When Dr. Mehdi Ferdowsi and Ph.D. student Andrew Meintz offered the inaugural class on electric and hybrid vehicles last January at Missouri University of Science and Technology, they made an instant connection with students from a variety of engineering disciplines.
Seventeen students enrolled in the course, even though it was hastily put together and not widely advertised.
“They obviously see this as a new field that is going to grow and ultimately become a new career path,” says Ferdowsi, assistant professor of electrical and computer engineering at Missouri S&T.
That’s one of the hopes of Ferdowsi, Meintz and the federal government. Fueled by $5 million in stimulus funding from the U.S. Department of Energy as part of American Recovery and Reinvestment Act of 2009, Missouri S&T is developing a new undergraduate minor in advanced automotive technology to better prepare students for the plug-in economy.

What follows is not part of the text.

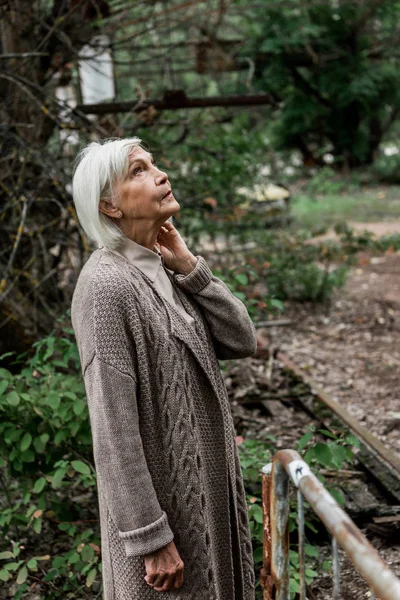 Senior woman with grey hair standing in abandoned park in chernobyl — Stock Photo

Last semester’s introductory course, taught by Meintz, a Ph.D. student in electrical engineering, was S&T’s entry into the world of plug-in electric vehicles. Meintz makes a great instructor because he can draw upon his own experience with EcoCAR as S&T’s Electrical Team leader. “I used skills learned through the EcoCAR Challenge to tie course material with industry practice. Not only did the course present material from a classroom lecture point of view but also used hands-on Model Based Design techniques to allow students to model hybrid electric vehicles.”
The introductory course was what Ferdowsi calls “a gateway class” designed “to familiarize students with the concepts of plug-in electric and hybrid vehicles.” Students from electrical engineering, computer engineering, mechanical engineering and engineering management enrolled in the course to learn about the different fuel, powertrain and energy storage systems of electric and hybrid vehicles.

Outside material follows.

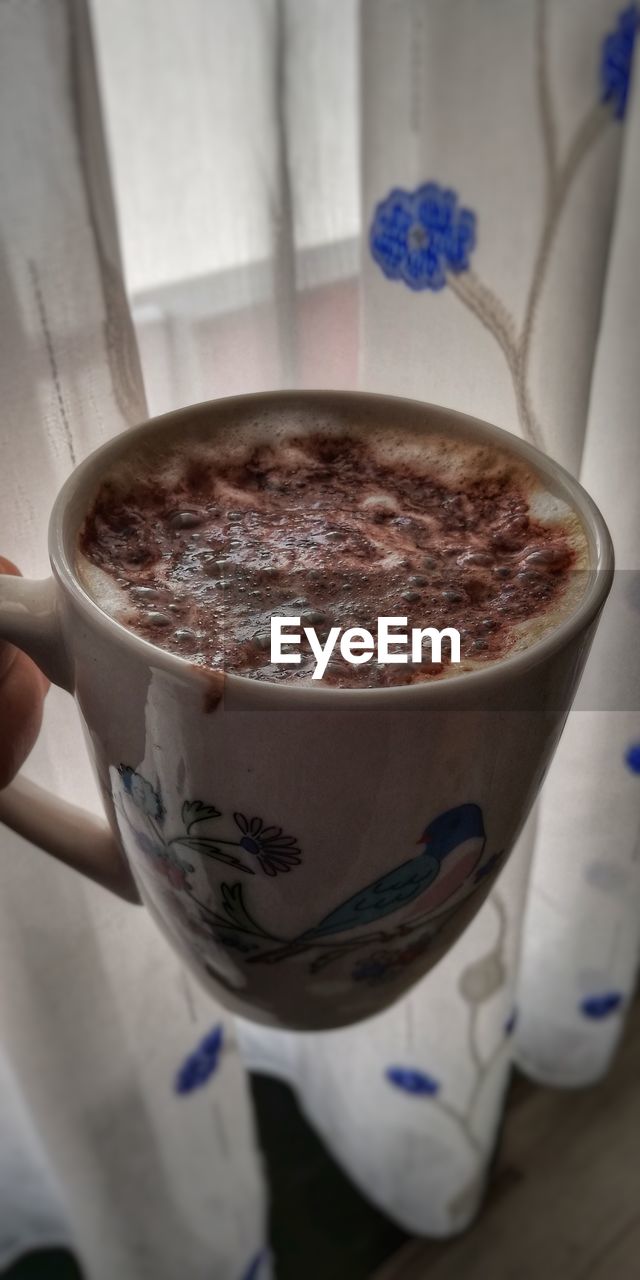 CLOSE-UP OF HAND HOLDING COFFEE CUP WITH SPOON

This semester, S&T has ramped up the course offerings for plug-in and hybrid automotive technology. The curriculum, which is funded through stimulus dollars, includes half a dozen undergraduate and graduate courses designed by Ferdowsi, an expert in power electronics.
The ambitious initiative of converting the auto industry from gasoline to electricity requires far-reaching efforts. Thus, S&T is also integrating coursework into existing classes and developing graduate certificate programs to help practicing engineers move into the emerging field of plug-in technology. Ferdowsi and his colleagues at S&T are also working with two other Missouri schools – the University of Central Missouri and Linn State Technical College – to provide additional work force training. In addition, Missouri S&T is helping the St. Louis Science Center educate the public about the importance of electric vehicles.
“Developing new course material is hard, especially when you’re talking about a new car that hasn’t even been developed yet,” says Ferdowsi. But creating a new course of study will ultimately have a significant impact on the nation’s economy. “We will have a pipeline of students prepared for this industry.”